The lines to copy run from the one containing "南昌安植雅口腔虎牙矯正前后對比圖 南昌安植雅口腔虎牙矯正前后對比圖" to the last line of the entries; output those lines exactly and only them, without pictures.

*** Opening GIVEN DATA ***

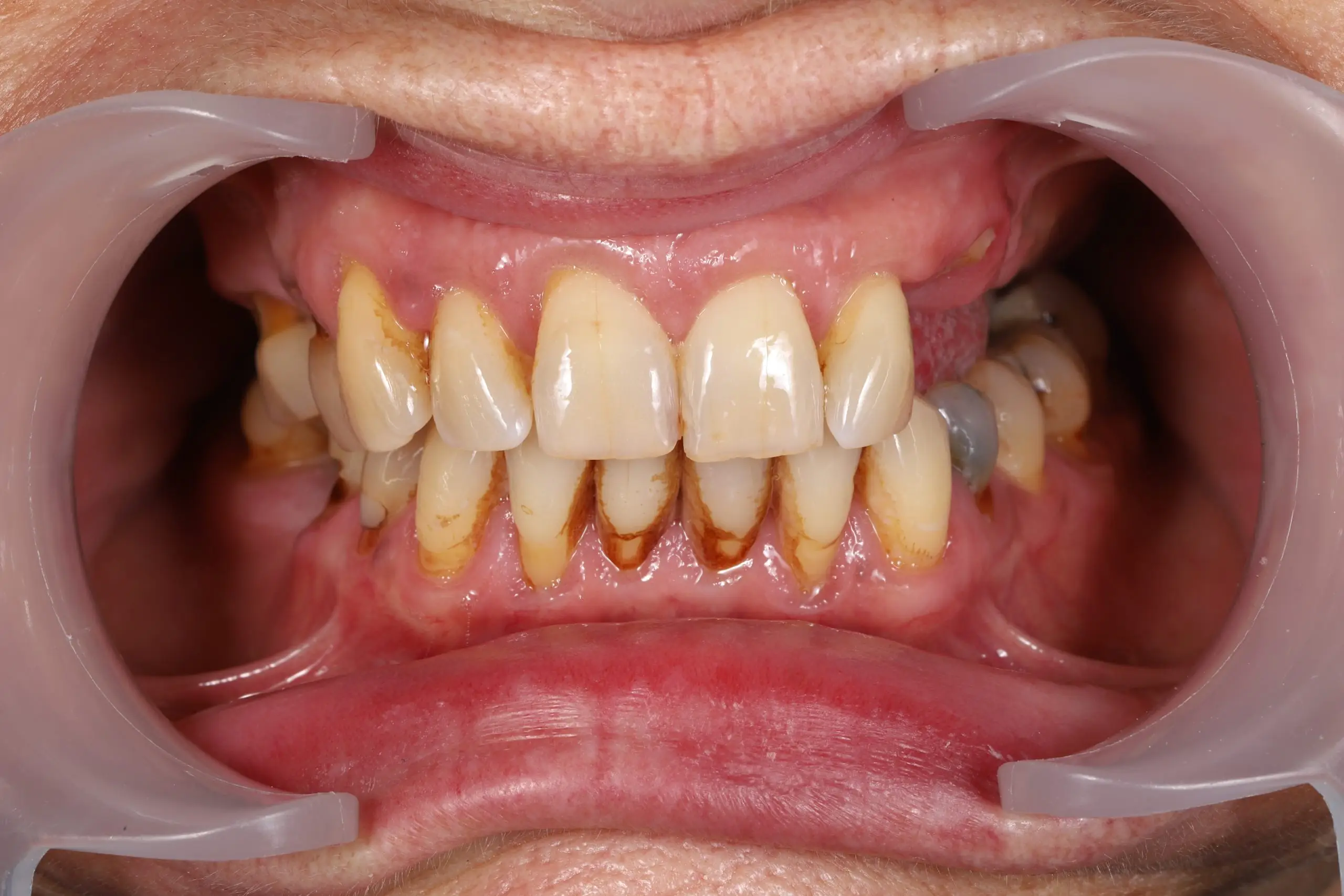 Before – worn, neglected dentition
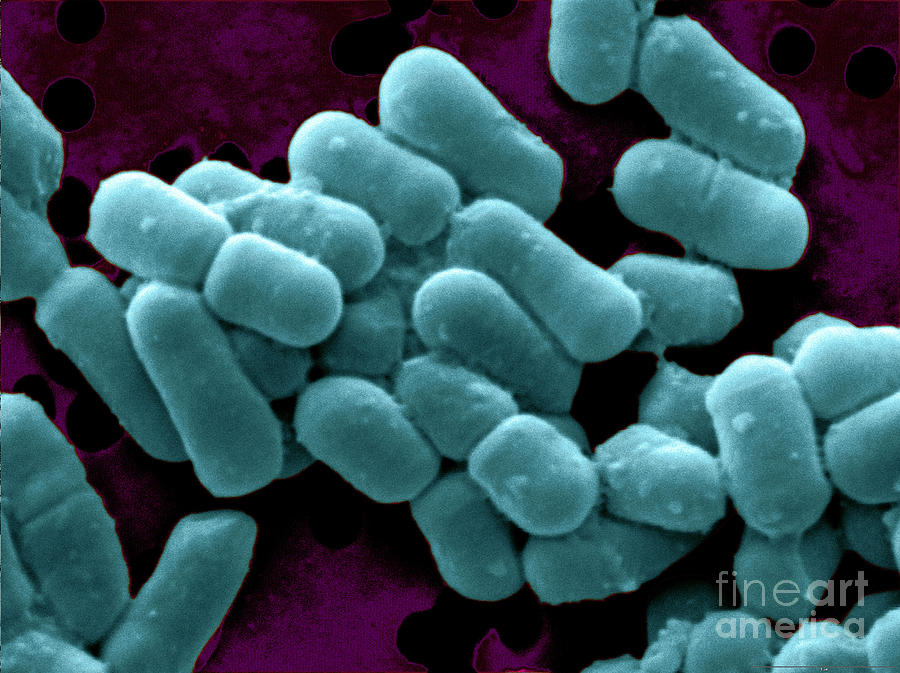 Lactobacillus Fermentum Photograph by Scimat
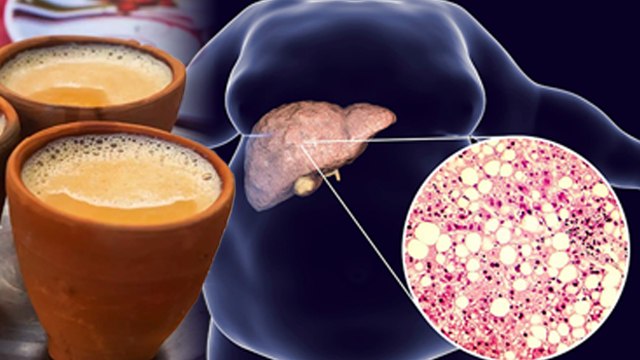 फैटी लिवर में चाय पीना चाहिए या नहीं | Fatty Liver Me Chai Pina Chahiye Ya Nahi | Boldsky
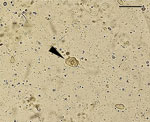 Microscopic view of Entamoeba moshkovskii trophozoites (arrowhead) observed in a pleural fluid sample recovered from a patient with an extraintestinal infection, eastern India. Slide used a wet-mount preparation,. Scale bar indicates 30 μm.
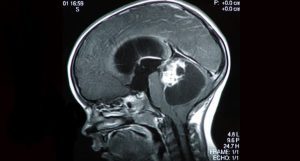 câncer cerebral pediátrico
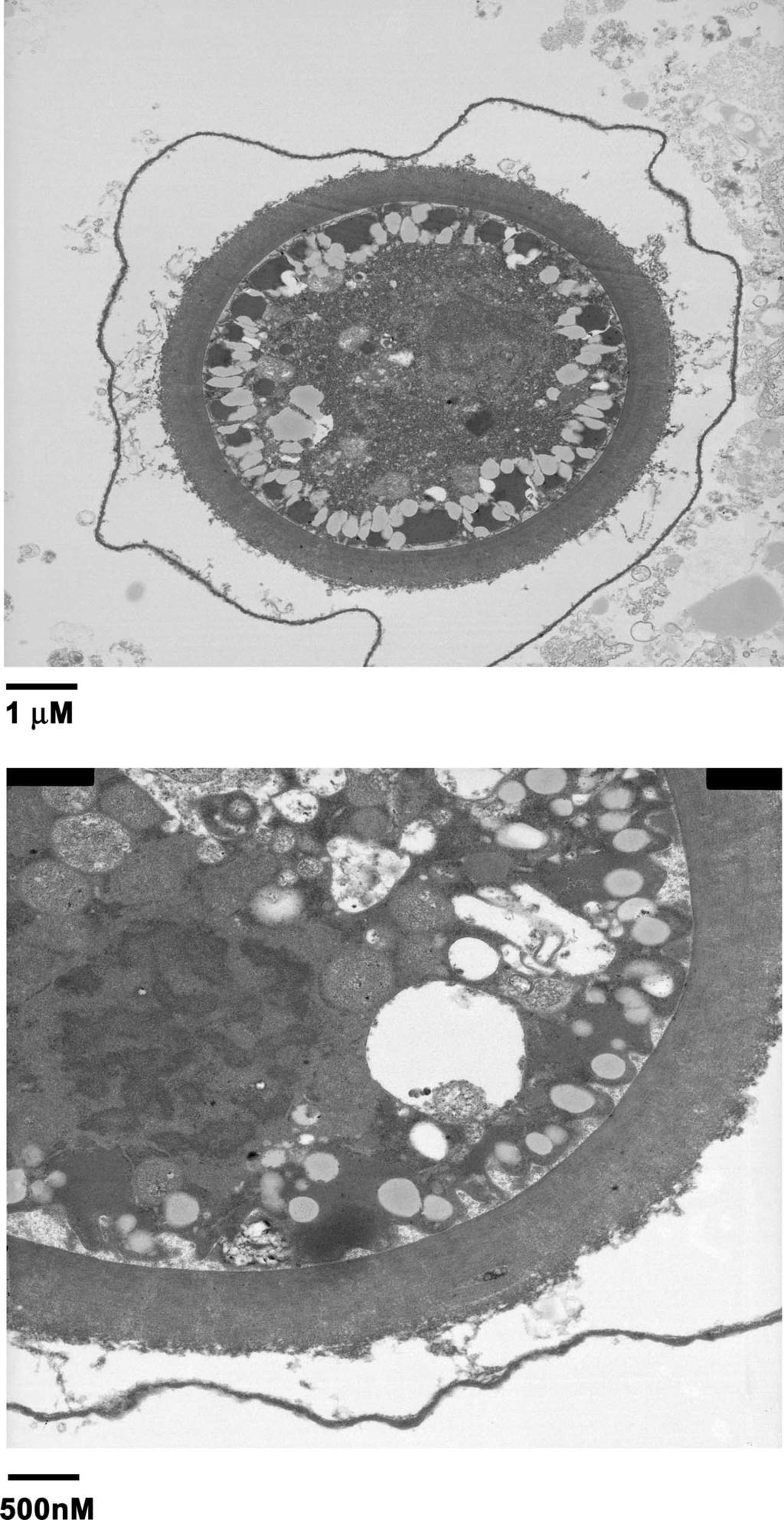 VOL. 21, 2008 INCREASING IMPORTANCE OF BALAMUTHIA MANDRILLARIS 439 FIG. 3. Transmission electron micrographs of a Balamuthia mandrillaris cyst.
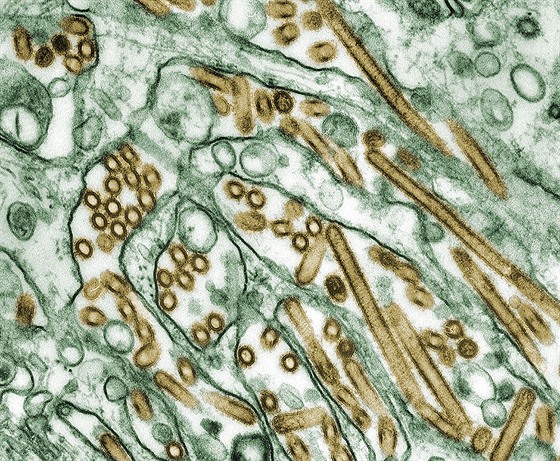 Kolorovaný snímek ástic viru H5N1 (zlaté ástice) v kultue ze savích bunk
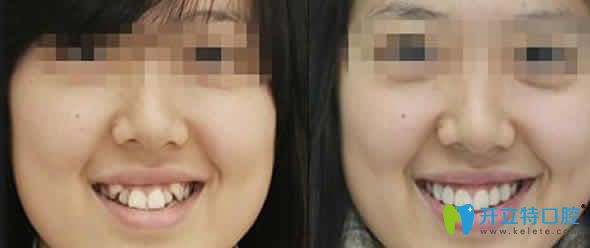 南昌安植雅口腔虎牙矯正前后對比圖 南昌安植雅口腔虎牙矯正前后對比圖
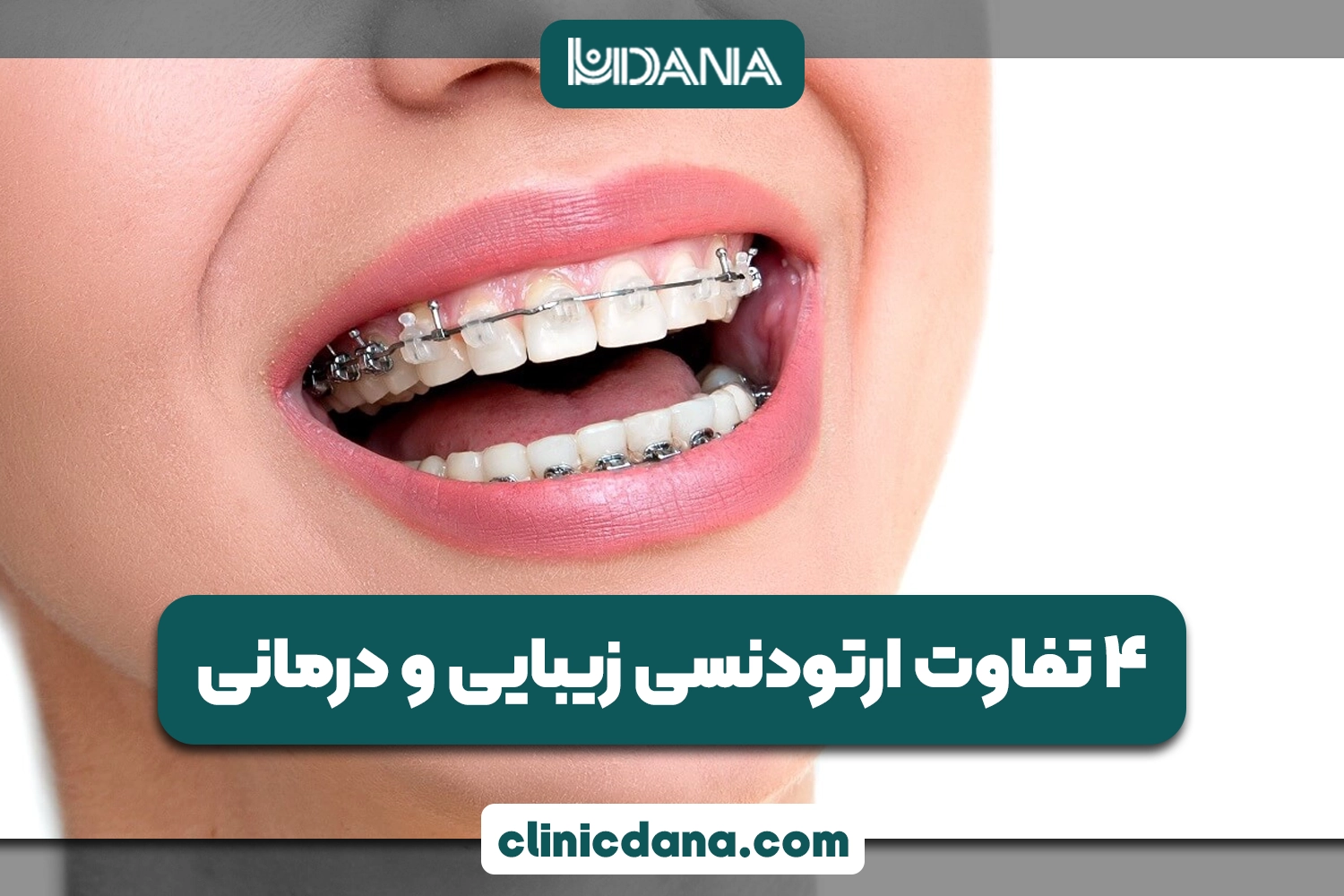 ارتودنسی درمانی؛ 4 تفاوت ارتودنسی زیبایی و درمانی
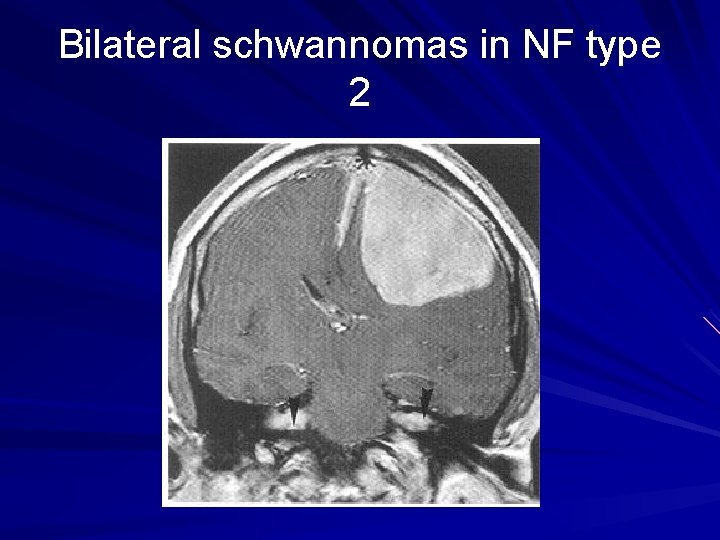 Bilateral schwannomas in NF type 2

*** Closing GIVEN DATA ***

**RESPONSE TO THE EXERCISE**
 南昌安植雅口腔虎牙矯正前后對比圖 南昌安植雅口腔虎牙矯正前后對比圖
 ارتودنسی درمانی؛ 4 تفاوت ارتودنسی زیبایی و درمانی
 Bilateral schwannomas in NF type 2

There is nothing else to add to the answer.